Would you retype the listing below word for word, without any of its pictures?
SUPPLIED DATA Start Marker
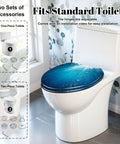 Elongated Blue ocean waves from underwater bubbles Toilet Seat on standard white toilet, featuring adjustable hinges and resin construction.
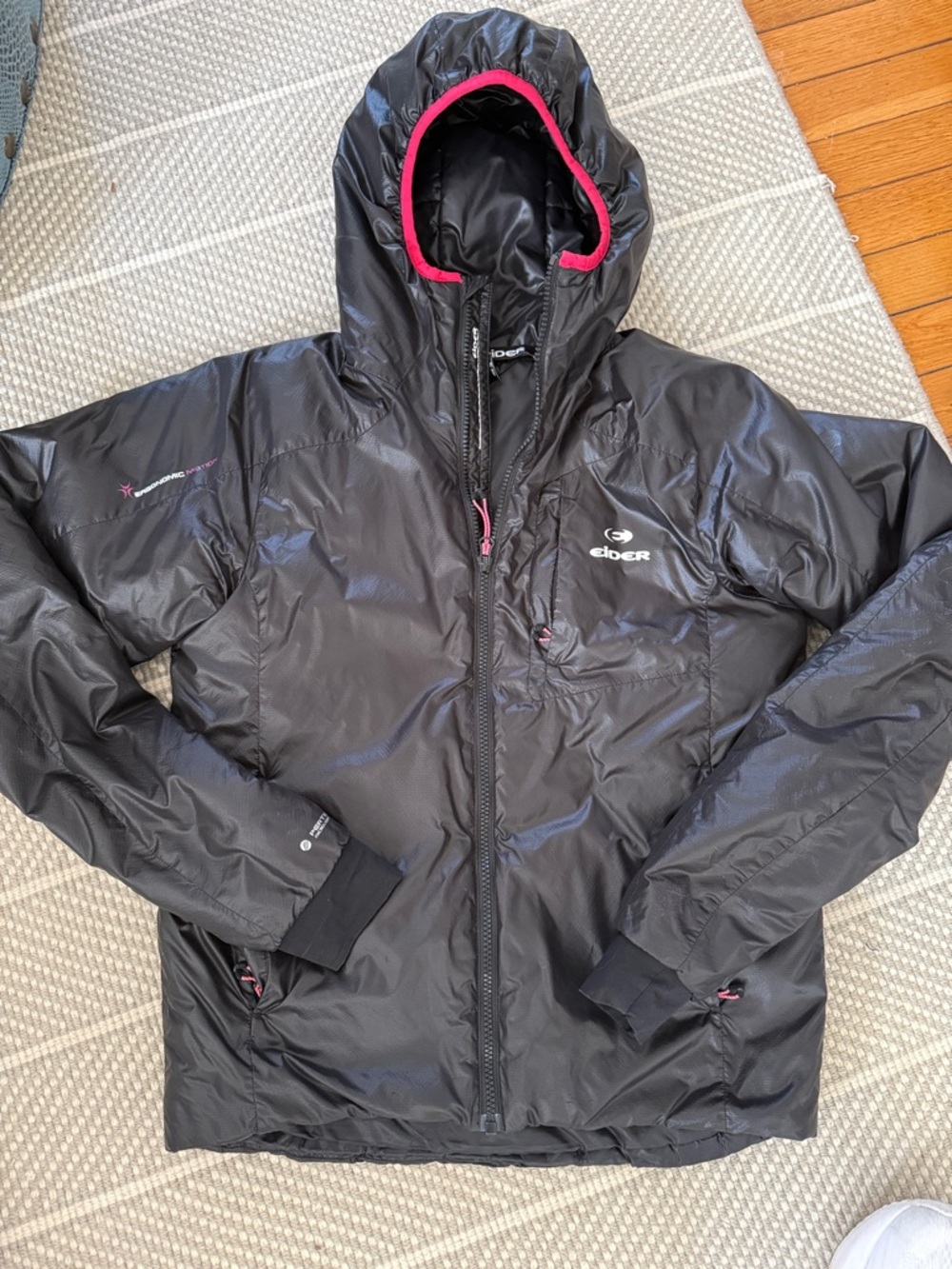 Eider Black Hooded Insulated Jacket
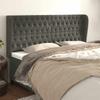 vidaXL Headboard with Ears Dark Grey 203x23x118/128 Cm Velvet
SUPPLIED DATA End Marker
*YOUR RESPONSE*
 Elongated Blue ocean waves from underwater bubbles Toilet Seat on standard white toilet, featuring adjustable hinges and resin construction.
 Eider Black Hooded Insulated Jacket
 vidaXL Headboard with Ears Dark Grey 203x23x118/128 Cm Velvet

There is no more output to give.